2 Ora, está claramente imposto no art. 43.º da Constituição que «O Estado não pode programar a educação e a cultura segundo quaisquer directrizes filosóficas, estéticas, políticas, ideológicas ou religiosas».
Esta é uma proibição absoluta, porque exclui «quaisquer directrizes» [sic]. Se assim proíbe todas as directrizes, nem precisava de exemplificar directrizes proibidas. Aliás, quando a Constituição diz que o Estado não pode programar a educação «segundo quaisquer directrizes políticas», esvazia todas as possíveis razões ou directrizes de programação educativa do Estado. Porque não se pode imaginar nenhuma programação estadual que não tenha uma directriz política. O Estado, órgão constitucional de poder político, actua sempre politicamente, por definição. Pelo que é forçoso concluir que, se o Estado não pode programar a educação «segundo uma qualquer directriz política», então não pode programar a educação de modo nenhum. Pura e simplesmente não pode programar. É óbvio.
3 Tal interpretação é lógica e razoável. E é muito significativo que não tenha sido expressamente criticada por ninguém. Em vez disso, prefere-se revogar a proibição do art. 43.º pelo esquecimento.

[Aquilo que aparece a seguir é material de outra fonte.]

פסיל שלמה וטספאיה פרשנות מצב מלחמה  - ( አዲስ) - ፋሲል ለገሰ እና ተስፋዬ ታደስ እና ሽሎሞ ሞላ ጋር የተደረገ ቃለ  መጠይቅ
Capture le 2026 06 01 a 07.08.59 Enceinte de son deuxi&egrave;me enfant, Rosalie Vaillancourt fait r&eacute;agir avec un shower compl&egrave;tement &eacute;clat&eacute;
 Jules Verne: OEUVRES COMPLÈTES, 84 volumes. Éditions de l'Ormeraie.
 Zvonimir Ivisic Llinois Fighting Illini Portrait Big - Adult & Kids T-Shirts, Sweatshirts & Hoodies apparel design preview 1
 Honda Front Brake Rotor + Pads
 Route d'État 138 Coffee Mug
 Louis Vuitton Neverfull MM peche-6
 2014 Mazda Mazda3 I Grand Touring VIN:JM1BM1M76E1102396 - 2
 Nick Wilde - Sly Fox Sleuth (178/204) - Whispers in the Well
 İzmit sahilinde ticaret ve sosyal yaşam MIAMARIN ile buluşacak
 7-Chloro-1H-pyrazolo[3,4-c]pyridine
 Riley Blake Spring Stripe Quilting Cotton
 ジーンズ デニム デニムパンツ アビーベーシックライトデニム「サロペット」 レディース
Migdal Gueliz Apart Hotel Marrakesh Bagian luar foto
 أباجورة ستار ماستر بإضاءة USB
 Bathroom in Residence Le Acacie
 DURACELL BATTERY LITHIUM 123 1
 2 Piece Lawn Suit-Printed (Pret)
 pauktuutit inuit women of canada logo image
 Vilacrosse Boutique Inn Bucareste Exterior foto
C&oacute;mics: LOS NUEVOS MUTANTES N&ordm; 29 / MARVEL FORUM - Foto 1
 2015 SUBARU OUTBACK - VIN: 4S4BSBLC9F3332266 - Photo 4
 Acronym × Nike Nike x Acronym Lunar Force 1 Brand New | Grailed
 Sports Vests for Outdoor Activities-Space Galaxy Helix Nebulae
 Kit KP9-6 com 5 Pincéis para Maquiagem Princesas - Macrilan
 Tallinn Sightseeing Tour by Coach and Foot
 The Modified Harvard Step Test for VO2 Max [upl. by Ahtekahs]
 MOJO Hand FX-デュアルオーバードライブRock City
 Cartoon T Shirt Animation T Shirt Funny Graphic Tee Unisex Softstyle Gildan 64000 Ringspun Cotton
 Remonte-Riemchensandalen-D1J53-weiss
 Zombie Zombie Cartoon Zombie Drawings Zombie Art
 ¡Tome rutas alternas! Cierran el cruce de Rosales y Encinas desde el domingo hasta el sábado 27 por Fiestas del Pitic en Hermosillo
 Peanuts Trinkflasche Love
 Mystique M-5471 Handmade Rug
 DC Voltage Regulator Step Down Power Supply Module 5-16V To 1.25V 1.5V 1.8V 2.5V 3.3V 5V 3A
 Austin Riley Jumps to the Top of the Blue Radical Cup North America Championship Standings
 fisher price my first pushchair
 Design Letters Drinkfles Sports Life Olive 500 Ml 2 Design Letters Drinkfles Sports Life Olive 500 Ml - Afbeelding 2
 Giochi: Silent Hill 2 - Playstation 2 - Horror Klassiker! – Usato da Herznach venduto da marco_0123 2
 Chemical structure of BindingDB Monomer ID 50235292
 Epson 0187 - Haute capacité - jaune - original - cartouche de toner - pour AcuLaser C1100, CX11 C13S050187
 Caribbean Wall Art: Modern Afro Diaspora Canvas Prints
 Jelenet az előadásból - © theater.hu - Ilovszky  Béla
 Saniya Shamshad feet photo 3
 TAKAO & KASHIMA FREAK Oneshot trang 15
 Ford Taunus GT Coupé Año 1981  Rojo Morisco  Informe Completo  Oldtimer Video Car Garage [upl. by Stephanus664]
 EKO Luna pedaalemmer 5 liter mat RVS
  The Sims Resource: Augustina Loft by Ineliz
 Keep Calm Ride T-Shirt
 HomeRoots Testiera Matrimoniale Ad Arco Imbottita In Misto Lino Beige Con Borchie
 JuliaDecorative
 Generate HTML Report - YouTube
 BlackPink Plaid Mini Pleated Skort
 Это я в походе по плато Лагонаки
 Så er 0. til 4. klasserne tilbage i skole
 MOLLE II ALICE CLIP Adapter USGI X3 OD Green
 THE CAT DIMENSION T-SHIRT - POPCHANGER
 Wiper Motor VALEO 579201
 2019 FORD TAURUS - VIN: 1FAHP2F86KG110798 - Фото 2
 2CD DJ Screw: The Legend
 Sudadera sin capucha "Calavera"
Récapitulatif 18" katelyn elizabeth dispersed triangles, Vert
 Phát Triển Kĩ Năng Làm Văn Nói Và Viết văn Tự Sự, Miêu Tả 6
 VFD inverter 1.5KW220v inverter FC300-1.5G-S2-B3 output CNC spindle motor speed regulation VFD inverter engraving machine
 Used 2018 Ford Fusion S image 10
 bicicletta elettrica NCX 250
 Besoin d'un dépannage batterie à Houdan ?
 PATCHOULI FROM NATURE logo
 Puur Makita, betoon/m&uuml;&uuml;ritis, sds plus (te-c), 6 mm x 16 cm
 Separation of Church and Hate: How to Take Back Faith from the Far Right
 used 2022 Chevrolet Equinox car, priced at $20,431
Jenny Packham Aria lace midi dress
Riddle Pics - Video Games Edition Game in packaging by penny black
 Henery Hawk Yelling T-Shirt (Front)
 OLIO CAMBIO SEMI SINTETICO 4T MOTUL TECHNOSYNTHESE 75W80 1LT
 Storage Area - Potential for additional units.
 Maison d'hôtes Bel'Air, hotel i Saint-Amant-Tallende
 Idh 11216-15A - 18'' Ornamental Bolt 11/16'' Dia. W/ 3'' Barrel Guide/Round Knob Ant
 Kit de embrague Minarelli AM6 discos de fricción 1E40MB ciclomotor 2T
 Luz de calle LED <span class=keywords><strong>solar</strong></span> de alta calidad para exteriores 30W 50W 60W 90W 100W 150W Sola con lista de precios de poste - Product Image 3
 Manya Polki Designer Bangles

Em Portugal, os defensores de uma educação escolar unicitária e obrigatória através do monopólio estatal da «escola pública» (que apenas tolera as escolas civis numa discriminação negativa, e mesmo assim obrigadas a seguir o projecto educativo escolar obrigatório de programação estatal) omitem qualquer comentário sério e profundo sobre esta questão constitucional. E refugiam-se na interpretação literal do art.º 75.º, que se refere apenas ao dever de o Estado criar «estabelecimentos escolares», e não de programar a «educação» — coisas que são muito diferentes, como define a Lei de Bases do Sistema Educativo, quando, logo no seu artigo 1.º, distingue a «acção educativa» dos «recursos materiais» (sic) do sistema educativo, nos quais inclui expressamente os estabelecimentos escolares. Será também por isso que ninguém invoca este regime da Lei de Bases. É óbvio que qualquer cidadão, por interesse empresarial ou por generoso mecenato, pode criar um estabelecimento escolar e até uma rede escolar, desde que cumpra as regras legais necessárias; mas esse poder não lhe confere automaticamente o legítimo poder de educar nesses estabelecimentos. Porque é que haveria de ser diferente para o Estado, quando cria estabelecimentos escolares cumprindo o art. 75.º?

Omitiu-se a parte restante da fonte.